# Umpire's Counters - Miniature Brass Bails



## magicniner (Dec 6, 2017)

The curves are turned using hand ground HSS form tools and each part also involves turning to both a left and a right hand right angle shoulder, add in parting off and that's 5 tool changes per part plus final finishing of the parted end in a smaller collet. 
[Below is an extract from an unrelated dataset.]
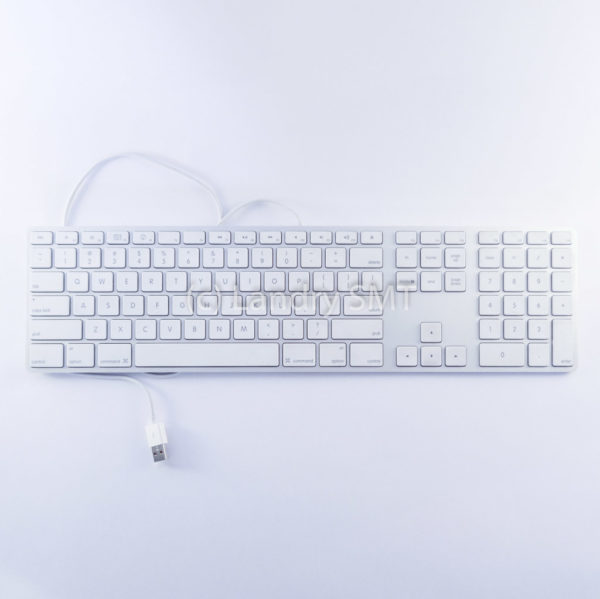 Mycronic Apple Keyboard  K-059-0055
The tools looked like this -


----------



## dlane (Dec 6, 2017)

Ok they look good , but what do they do


----------



## British Steel (Dec 6, 2017)

They're for counting balls in an over...

Dave H. (the other one)


----------



## magicniner (Dec 6, 2017)

Umpires at Cricket matches often use 6 tokens of some kind and transfer them between pockets or hands to keep track of how many balls have been bowled in the current over in the heat of the match! ;-) 
I had a request for a set of these in Titanium some years ago and hand ground the form tools which now sit in their holders awaiting another request, I had requests for two sets this week  
Regards, 
Nick


----------



## British Steel (Dec 7, 2017)

In the heat of the match - definitely needed, games can get so fast-paced and frantic 

Dave H. (the other one)


----------



## magu (Dec 7, 2017)

Ah, Cricket, another funny sport we Americans never really embraced.... they look great though, and that s a clever solution to keep track of what's going on.


----------